**Provided material**

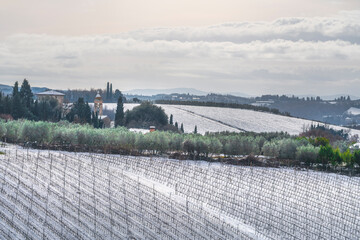 Fototapeta premium Snowy Vineyards and Church in Montefiridolfi, Chianti, Tuscany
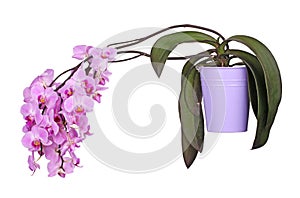 Potted, flowering Phalaenopsis orchid plant isolated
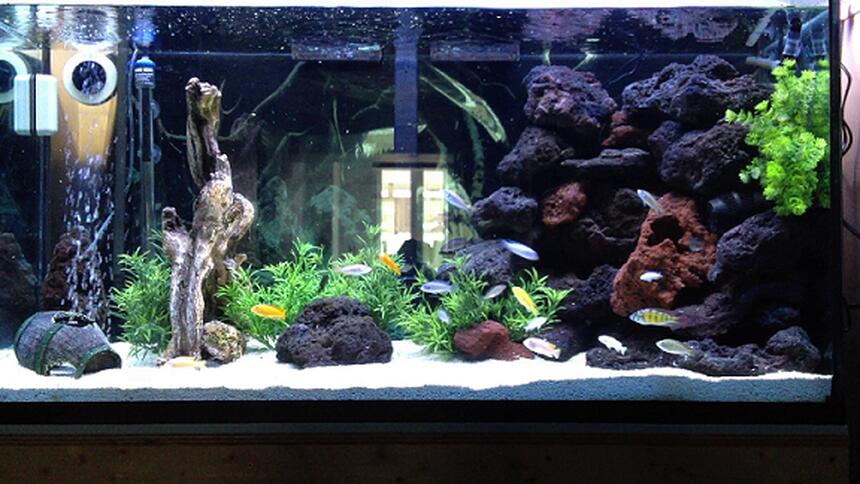 Rated #1: 90 Gallons Freshwater Fish Tank - 90 gal. African Cichlid Tank Rated #1: 90 Gallons Freshwater Fish Tank - 90 gal. African Cichlid Tank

**Problem description**
Write the full listing out again with every line unchanged, but include no pictures.

**Exercise response**
 Fototapeta premium Snowy Vineyards and Church in Montefiridolfi, Chianti, Tuscany
 Potted, flowering Phalaenopsis orchid plant isolated
 Rated #1: 90 Gallons Freshwater Fish Tank - 90 gal. African Cichlid Tank Rated #1: 90 Gallons Freshwater Fish Tank - 90 gal. African Cichlid Tank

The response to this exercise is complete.